WHAT YOU NEED TO DO =
For the material below, the expected output is exactly the lines between the line holding "Manley Chrysler Small" and the line holding "2006 Honda VT", inclusive, with pictures left out.

SUPPLIED DATA =
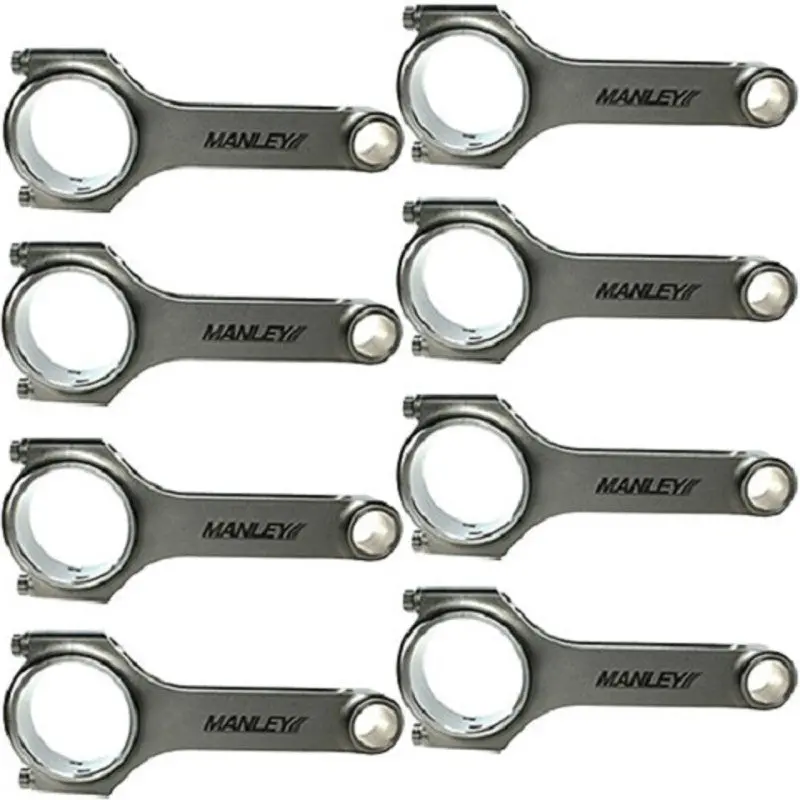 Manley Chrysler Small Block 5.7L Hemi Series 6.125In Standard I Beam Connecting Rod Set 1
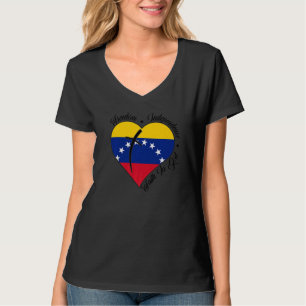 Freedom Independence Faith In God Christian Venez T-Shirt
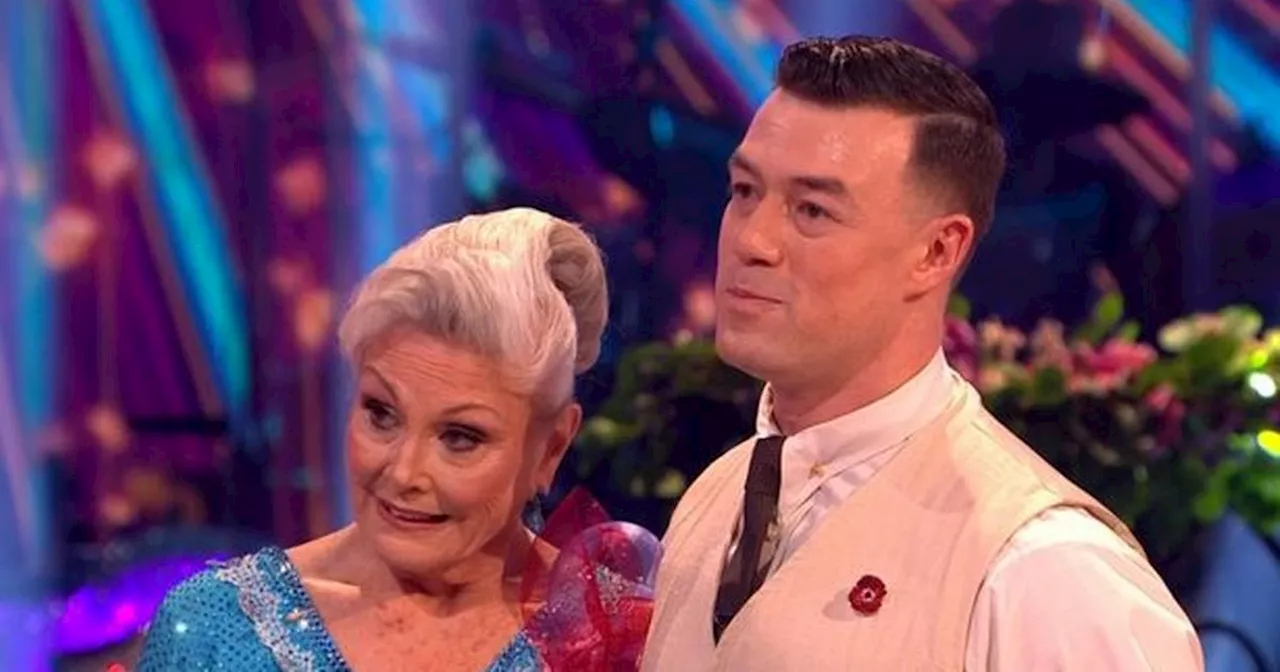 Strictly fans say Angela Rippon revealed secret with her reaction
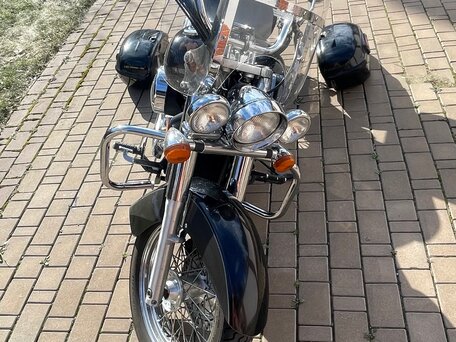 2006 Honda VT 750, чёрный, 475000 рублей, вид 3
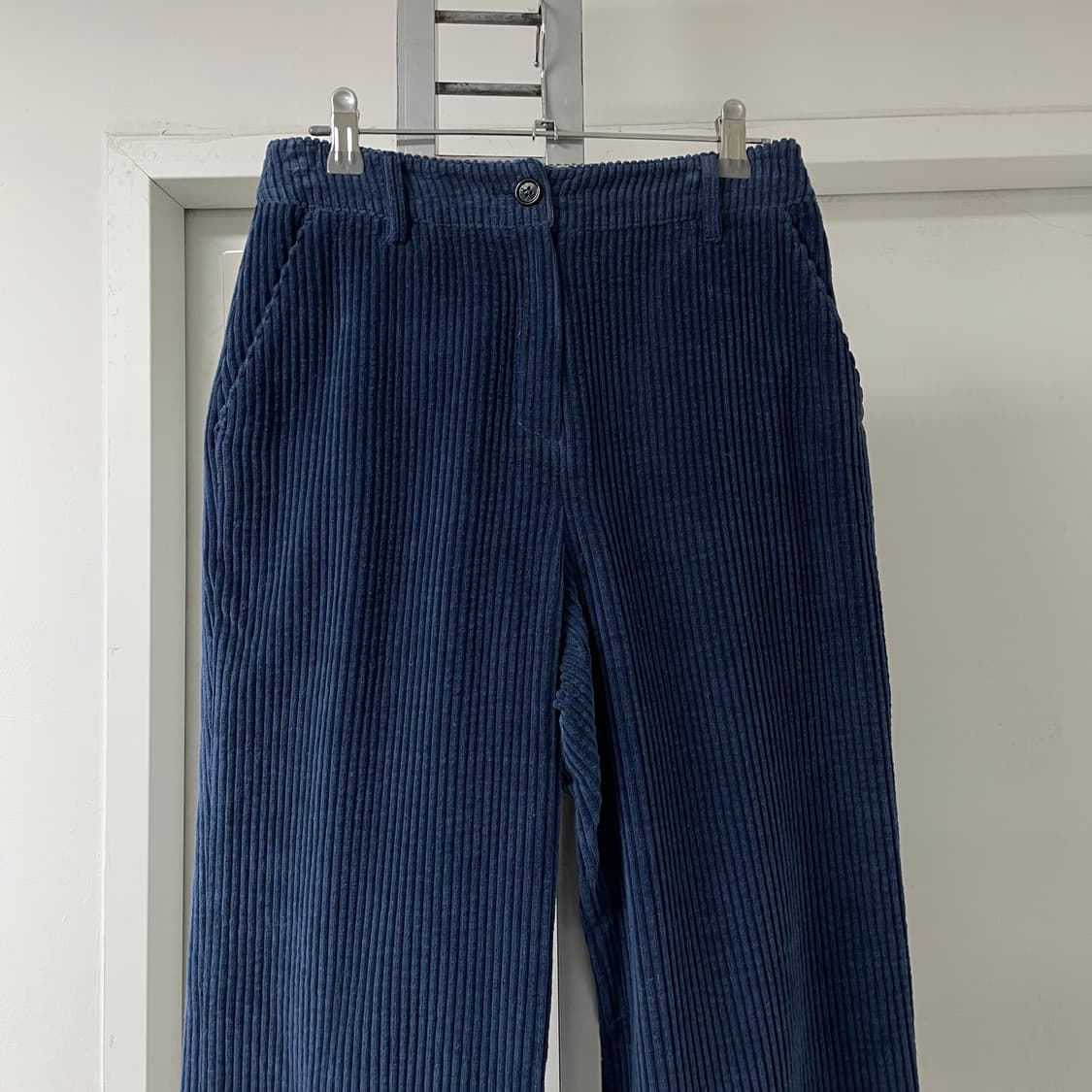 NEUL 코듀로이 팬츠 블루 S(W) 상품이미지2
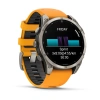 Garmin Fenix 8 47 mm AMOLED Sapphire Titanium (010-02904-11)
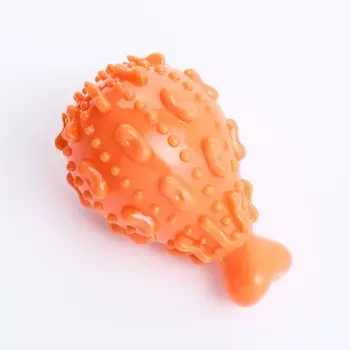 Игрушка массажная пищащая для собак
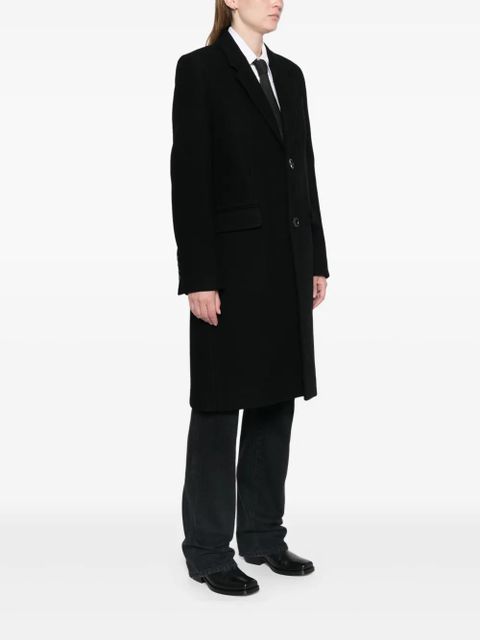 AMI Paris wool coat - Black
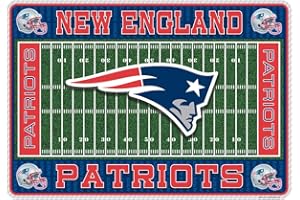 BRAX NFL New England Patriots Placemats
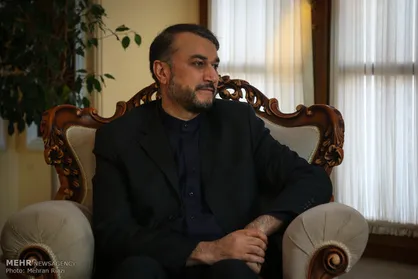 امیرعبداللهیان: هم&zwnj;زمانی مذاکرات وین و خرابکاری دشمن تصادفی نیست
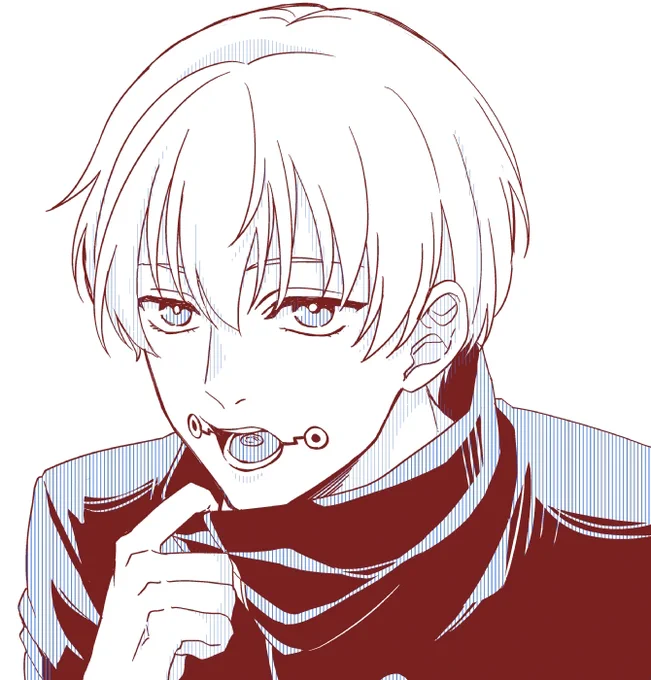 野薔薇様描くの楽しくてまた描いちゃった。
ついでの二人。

--

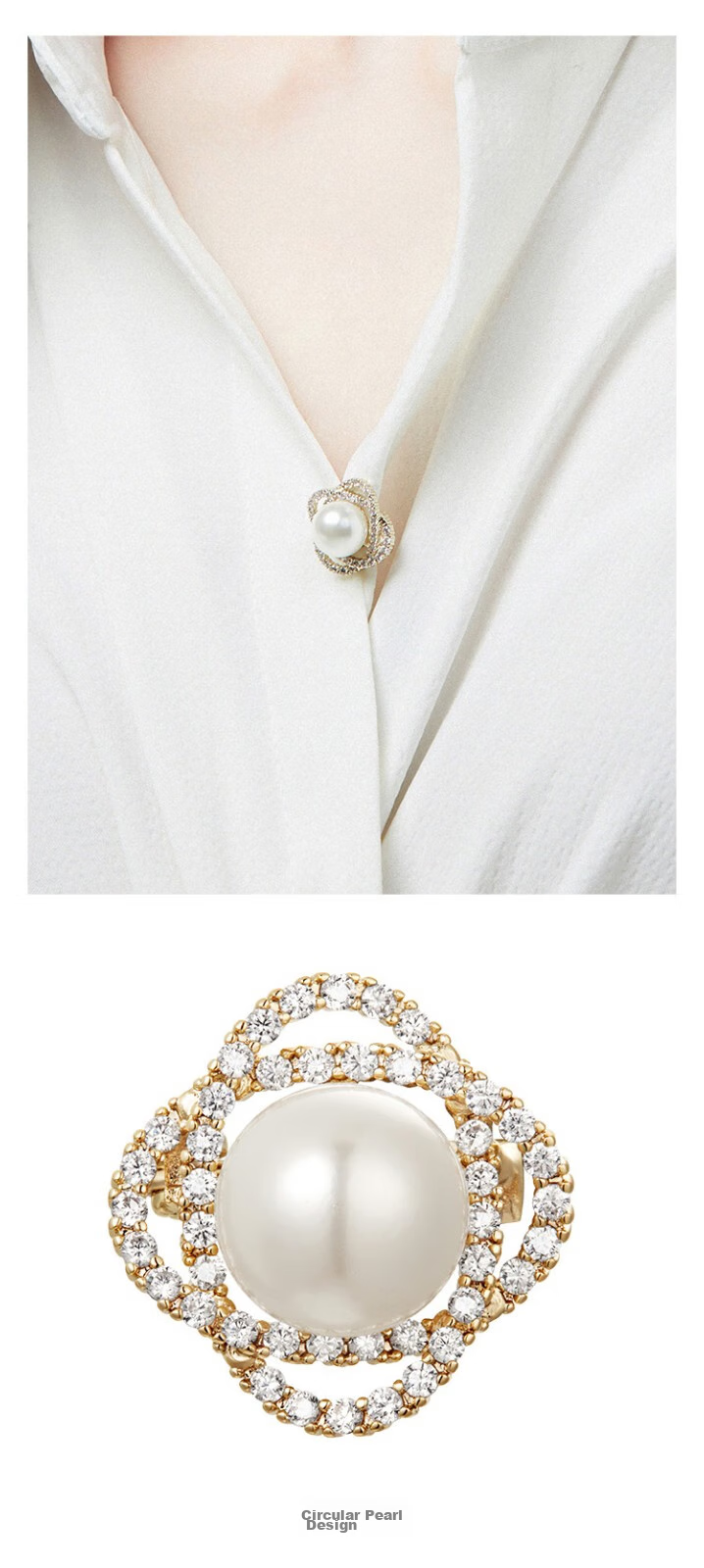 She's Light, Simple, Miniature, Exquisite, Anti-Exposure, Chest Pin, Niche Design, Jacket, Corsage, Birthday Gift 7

EXERCISE RESPONSE =
 Manley Chrysler Small Block 5.7L Hemi Series 6.125In Standard I Beam Connecting Rod Set 1
 Freedom Independence Faith In God Christian Venez T-Shirt
 Strictly fans say Angela Rippon revealed secret with her reaction
 2006 Honda VT 750, чёрный, 475000 рублей, вид 3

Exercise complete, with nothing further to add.